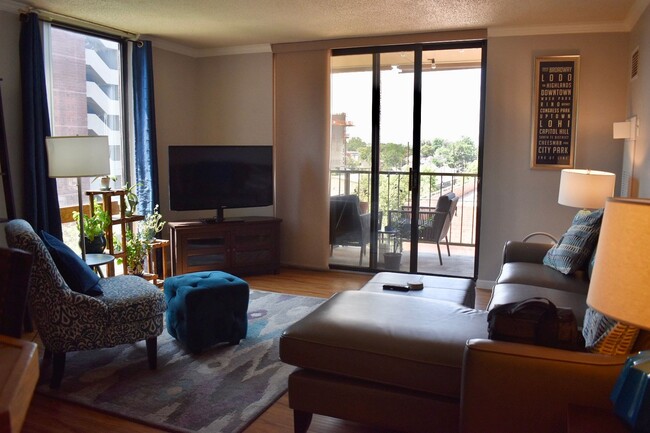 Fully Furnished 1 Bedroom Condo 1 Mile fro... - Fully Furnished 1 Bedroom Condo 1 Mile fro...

--

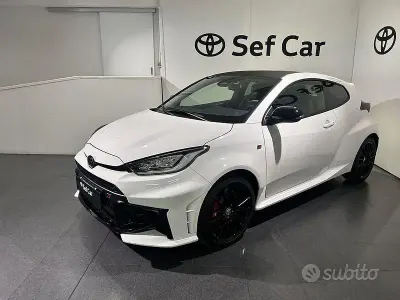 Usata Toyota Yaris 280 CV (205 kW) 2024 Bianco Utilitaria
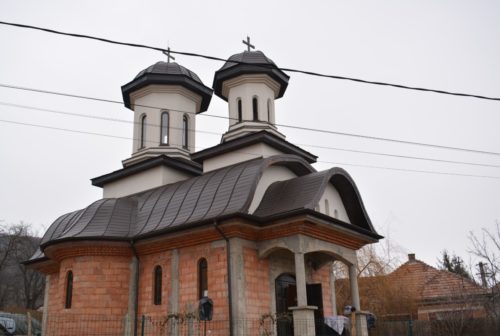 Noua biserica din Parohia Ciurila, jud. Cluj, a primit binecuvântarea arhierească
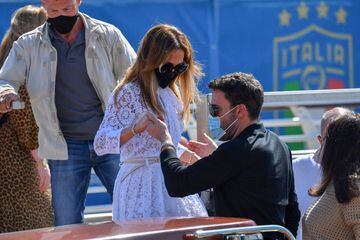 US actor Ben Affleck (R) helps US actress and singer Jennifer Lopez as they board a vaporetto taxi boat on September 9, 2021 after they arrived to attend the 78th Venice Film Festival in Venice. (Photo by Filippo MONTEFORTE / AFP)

Work required :: Return exactly the stretch above whose first line contains "Noua biserica din" and whose last line contains "US actor Ben", and nothing outside it. The pictures should not appear.

Exercise output ::
 Noua biserica din Parohia Ciurila, jud. Cluj, a primit binecuvântarea arhierească
 US actor Ben Affleck (R) helps US actress and singer Jennifer Lopez as they board a vaporetto taxi boat on September 9, 2021 after they arrived to attend the 78th Venice Film Festival in Venice. (Photo by Filippo MONTEFORTE / AFP)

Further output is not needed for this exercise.